The API Queue is also Top level and thread safe but there is only one, the API we call is restricted to 10 requests / sec. So it has to be done in a way where this process is being checked and ran if the queue has an ID passed to it. Always in order because even if we all upload a file, we can only parse one phone at a time.
Obviously you will track duplicates. If you have already had an API call for the number, just reuse the data, save the call for a different phone. Otherwise, let it rip.
Background tasks
I tend to prefer the standard library for things. Just using a single background thread that has been daemonized does the trick of handling the API queue and the file upload queues are also good to go as they trigger anytime an upload happens.

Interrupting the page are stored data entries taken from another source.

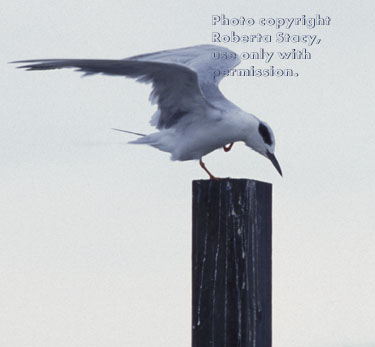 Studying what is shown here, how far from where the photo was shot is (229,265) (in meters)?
4.26

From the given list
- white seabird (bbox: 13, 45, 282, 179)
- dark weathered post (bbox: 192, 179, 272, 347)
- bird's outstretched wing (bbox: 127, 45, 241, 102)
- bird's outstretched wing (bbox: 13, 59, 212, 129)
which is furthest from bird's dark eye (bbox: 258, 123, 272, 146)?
dark weathered post (bbox: 192, 179, 272, 347)

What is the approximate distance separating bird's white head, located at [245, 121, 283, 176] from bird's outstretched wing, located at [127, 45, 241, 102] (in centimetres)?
59

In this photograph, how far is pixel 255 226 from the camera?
431 centimetres

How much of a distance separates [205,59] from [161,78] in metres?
1.41

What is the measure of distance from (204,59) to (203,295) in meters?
3.51

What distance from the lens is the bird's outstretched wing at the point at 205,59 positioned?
7049 millimetres

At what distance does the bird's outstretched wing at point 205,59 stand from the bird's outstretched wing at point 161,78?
390 mm

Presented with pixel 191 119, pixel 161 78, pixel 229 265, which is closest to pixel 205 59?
pixel 191 119

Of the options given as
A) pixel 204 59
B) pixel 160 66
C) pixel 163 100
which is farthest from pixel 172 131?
pixel 204 59

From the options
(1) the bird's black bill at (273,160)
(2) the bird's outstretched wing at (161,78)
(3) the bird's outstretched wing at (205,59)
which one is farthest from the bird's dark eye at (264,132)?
(3) the bird's outstretched wing at (205,59)

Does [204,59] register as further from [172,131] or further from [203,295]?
[203,295]

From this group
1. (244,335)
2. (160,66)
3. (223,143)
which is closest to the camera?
(244,335)

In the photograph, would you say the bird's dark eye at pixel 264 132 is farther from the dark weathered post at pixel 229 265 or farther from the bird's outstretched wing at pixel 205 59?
the dark weathered post at pixel 229 265

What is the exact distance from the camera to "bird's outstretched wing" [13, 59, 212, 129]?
5.57 meters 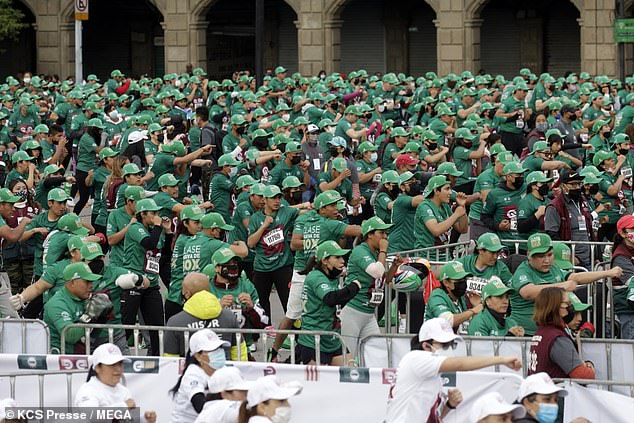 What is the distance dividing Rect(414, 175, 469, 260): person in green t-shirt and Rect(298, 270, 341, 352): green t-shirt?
246 centimetres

This is the main background daemon that I want running at all times. If there is nothing in the APIQueue, it just waits basically.
import threading
from .api_queue import APIQueue
from time import sleep
class BackgroundProcess(threading.Thread):
def __init__(self, api_queue: APIQueue):
super().__init__()
self.api_queue = api_queue
self.daemon = True
self.start()
def run(self):
while True:
sleep(1)
if not self.api_queue.running:
self.api_queue.process()
Also the main APIQueue, I again will not show everything here but you should get the drift.
from django.utils import timezone
import logging
from .models import PhoneDocument, RecordPhoneNumber
from time import sleep
from .queue import Queue, Result
class APIQueue(Queue):
def __init__(self, cooldown: float, api_url: str, api_token: str):
super().__init__()
self.cooldown = cooldown
self.api_url = api_url
self.api_token = api_token
self.running = False
def process(self) -> bool:
self.running = True
while self.has_items():
doc_id = self.dequeue()
if doc_id is not None:
doc = PhoneDocument.objects.get(id=doc_id)
records = doc.records.all()
for record in records:
# PROCESS RECORDS // HANDLE ERRORS // ETC...
doc.save()
logging.info(f"Doc[{doc_id}] successfully processed.")
self.running = False
There can still be zombie-phones in the database though. So to circumvent that there is a cron job on the server that calls every so often to enqueue phones that have been flagged for a queue yet have not been called in the API, thus allowing for future duplicates to get parsed. These phones can only get zombied if something crazy happens, like the API server died somehow or our server went down. I'm sure there are other reasons but my brain can't think of it right now.